TUNEL assay, IF and IHC
Ovarian sections processed with the DeadEnd Fluorometric TUNEL System kit (G3250, Promega Co.) to detect and quantify apoptotic cells, per the manufacturers’ protocol. Ovarian sections were used for TUNEL staining after fixing in formaldehyde. The detailed methods for IF and IHC have been described previously (Kim et al. 2013, 2015). MSY2 antibody (1: 2000) was a gift from Dr Schultz, RM, University of Pennsylvania. The DAB Peroxidase Substrate Kit (SK-4100, Vector Laboratories, Burlingame, CA, USA) was used for IHC. The TSA Plus Fluorescein System Kit (NEL741001KT, PerkinElmer, Inc.) was used for IF. The catalog numbers and sources of primary antibodies were as follows: Ki67 (ab833-500, 1:100) from Abcam; p-H3 (3377S, 1:50), γH2AX (9718s, 1:100), phospho-p63 (4981s, 1:50), cleaved PARP (9548s, 1;100), phospho-ATR (2853T, 1:50), phospho-CHK1 (12302T, 1:50), phospho-CHK2 (2197S, 1:50) and phospho-AKT (9271s, 1:50) from Cell Signaling; phospho-ATM (05-740, 1:50) from Millipore and Bax (P-19) (sc-526, 1:50) from Santa Cruz Biotechnology, Inc. For counting Ki67-positive cells, ovarian sections were used for IF assay with Ki67, and then 20× images were taken of each sample. Four non-overlapping images were randomly taken per each ovarian section and used for counting all Ki67-positive cells.
Anti-Mullerian hormone (AMH) assay
Whole blood was collected from three strains of mice (CD-1, C57BL/6J and BALB/cJ) after 1, 3 and 7 days post injection of 150 mg/kg CPA at PD5. Additionally, it was taken from CD-1 after 14 days post injection of 150 mg/kg CPA at PD5. Terumo Capiject Capillary Blood Collection Tubes (T-MG, Terumo Medical Corporation, Tokyo, Japan) were used for separating the serum from whole blood. Mouse AMH ELISA Kit (MBS2507173, MyBioSource, Inc., San Diego, CA, USA) was used according to standard protocol for testing the AMH level of collected serum.
Statistical analysis
Data are presented as mean ± s.d. For a comparison of means between more than two independent groups, one-way ANOVA (Adare et al. 2013) was performed, while the difference between two groups was analyzed by Tukey’s range test with one-way ANOVA (and nonparametric) for statistical comparisons using PRISM 5.0 (GraphPad Software). Values of P < 0.05 were considered to be statistically significant. *P < 0.05; **P < 0.01; ***P < 0.001; n.s., non-significant.
Results
CPA reduces the number of primordial follicles without increasing the number of early-stage growing follicles
To investigate the effect of CPA on murine ovaries, 150 mg/kg CPA or PBS (vehicle control) was injected i.p. into three different strains of mice (CD-1, C57BL/6J and BALB/cJ) at 8 weeks of age (Fig. 1A).
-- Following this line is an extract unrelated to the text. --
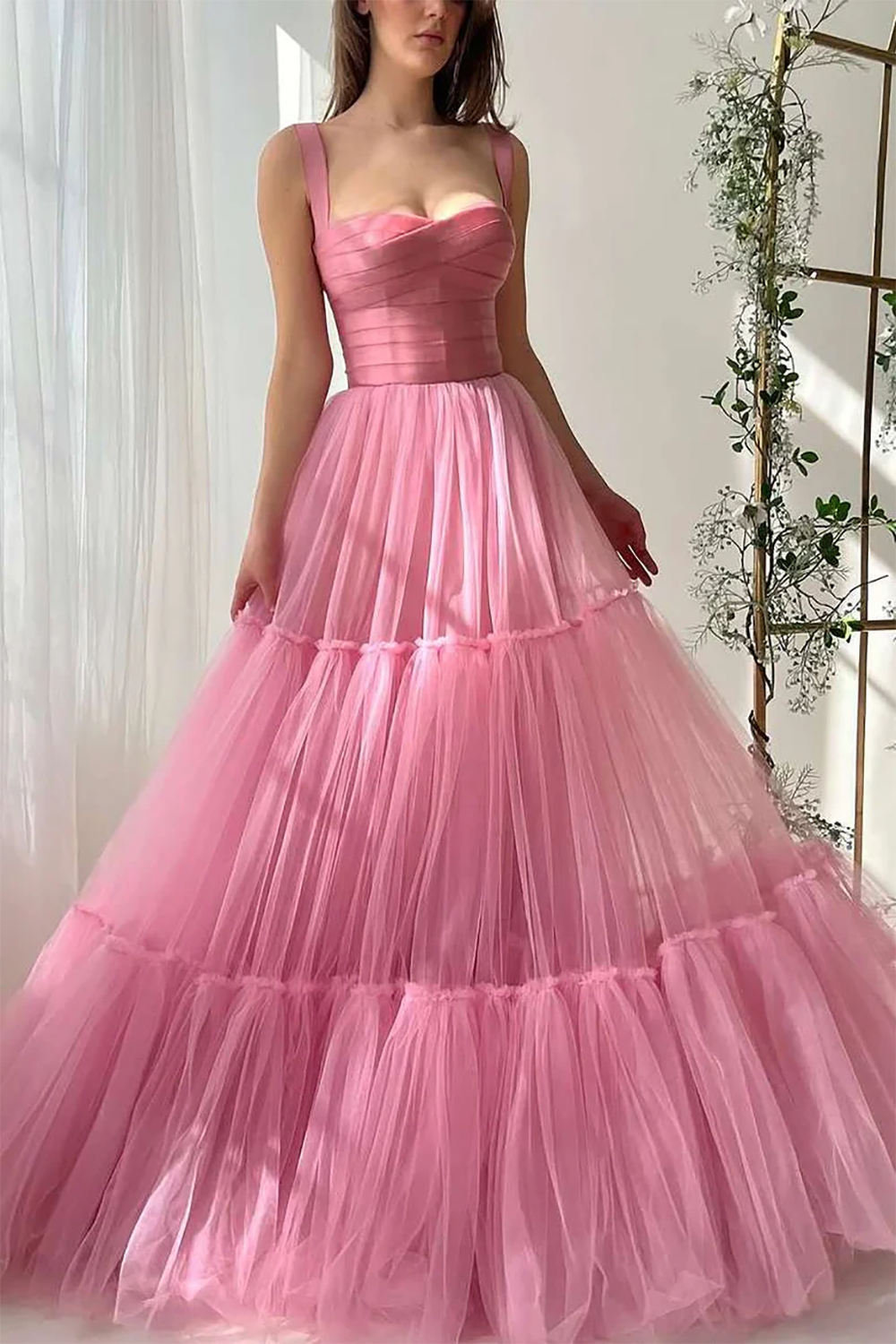 Robe de soirée longue en tulle à bretelles spaghetti et décolleté plongeant pour femme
The mouse strains and the dose of CPA were selected based on those used in previous publications (Kalich-Philosoph et al. 2013, Roness et al. 2013, Goldman et al. 2017, Kano et al. 2017). After 24 h, ovaries were harvested for histological analysis and follicle counting. No significant differences were noted in primordial follicle histology or numbers in CD-1 and BALB/cJ mice treated with PBS or CPA (Fig. 1B and D), but C57BL/6J mice did show a decrease in the primordial follicle number after CPA treatment (Fig. 1C). The primary follicle number was not increased in CPA-treated C57BL/6J mice, however (Fig. 1C) suggesting that the decrease in primordial follicles was not due to their activation and entry into the growing pool.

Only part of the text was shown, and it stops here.